Segment Start: Dataset extract
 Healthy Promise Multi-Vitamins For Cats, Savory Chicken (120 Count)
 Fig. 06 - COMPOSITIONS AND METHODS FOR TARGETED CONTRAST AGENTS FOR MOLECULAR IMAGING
Segment End: Dataset extract
Segment Start: Dataset extract
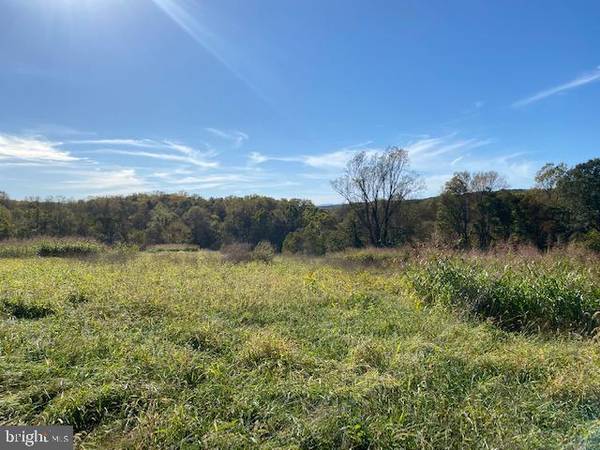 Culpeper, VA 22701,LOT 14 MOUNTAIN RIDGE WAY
Segment End: Dataset extract
Segment Start: Dataset extract
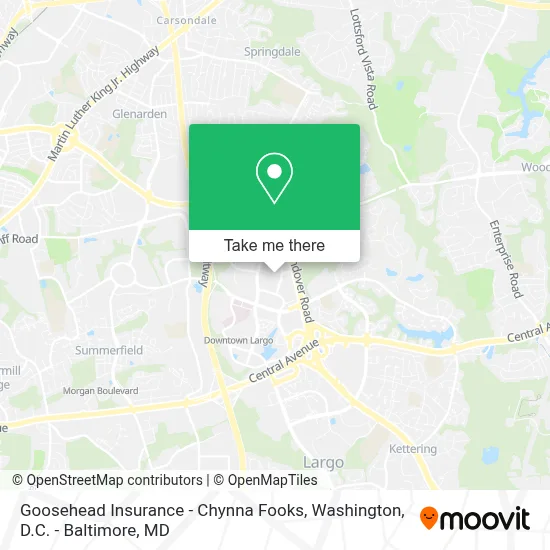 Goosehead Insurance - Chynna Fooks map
Segment End: Dataset extract
Extract from the listing above the lines between the line containing "Healthy Promise Multi-Vitamins" and the line containing "Fig. 06 - COMPOSITIONS", keeping both of those lines. Output nothing else.

● **Your response**
 Healthy Promise Multi-Vitamins For Cats, Savory Chicken (120 Count)
 Fig. 06 - COMPOSITIONS AND METHODS FOR TARGETED CONTRAST AGENTS FOR MOLECULAR IMAGING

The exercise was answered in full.